Professor De Haas Favors Greater Authority For President Roosevelt in Tariff Situation
Believes Supervision Needed Investments To Prevent More Losses
"If President Roosevelt's demand for greater authority in handling the tariff situation is granted, it will be definitely a constructive move toward the improvement of tariff difficulties," said Anton De Haas, Professor in the Business School of International Relationships yesterday when interviewed by the CRIMSON. "If we are to restore foreign trade, reestablish normal relations, and collect some of the money the world owes us, it will be necessary to make fundamental changes in the tariff, changes which President Roosevelt intends to produce."
Although a great tariff conference is desired by many as the best means of settling difficulties concerning tariffs, Professor De Haas believes such a meeting would lead to no beneficent results, since problems of different countries are far too varied and complicated to be settled in such a manner.
"I believe only a small number of countries could take up the situation together successfully, and that can be done only when the agreements produced are ratified. That makes an executive authority necessary," Professor De Haas explained.
Professor De Haas also strongly favors the establishment of an authority which would supervise foreign investments so that no investment would be allowed, even for constructive purposes, unless provisions were made which would make transfer of repayments possible.

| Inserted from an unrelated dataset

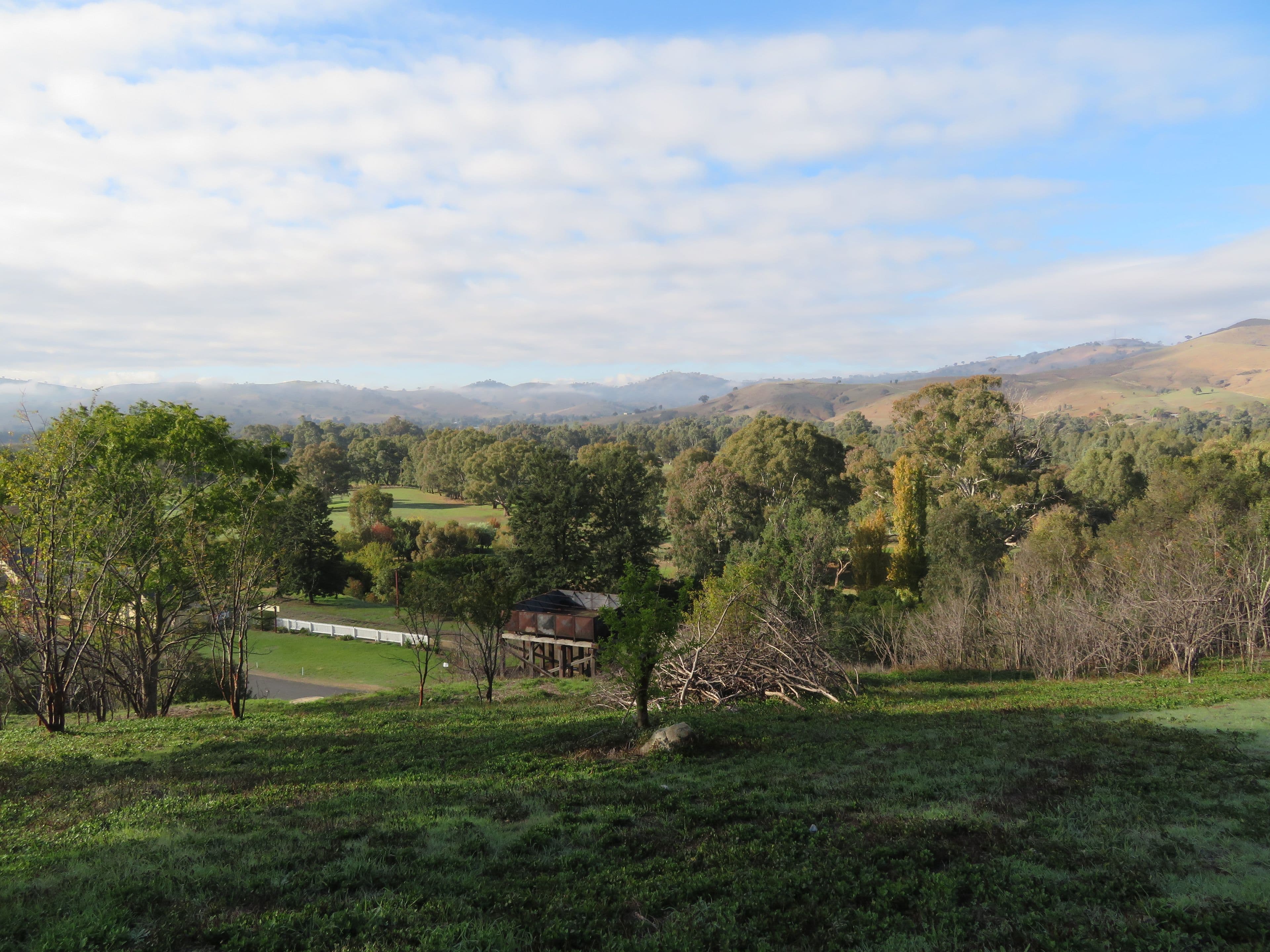 40 Punch Street, Gundagai NSW 2722, Gundagai - Thumbnail 2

"Let us look at Russia to explain that point," continued Professor De Haas. "A building financial company is to finance trade with Russia. This is necessary since the financing will require credits which are of too long a period of time to be given by commercial banks. The trade brought about by this will be extremely helpful to the United States because it will stimulate the production of goods of companies which have suffered most from the depression. Nevertheless, such financial assistance would be unjustified unless provisions were made, at the time of the granting of the loans, for repayment of the loans and, what is just as important, the way in which we are willing to receive payment".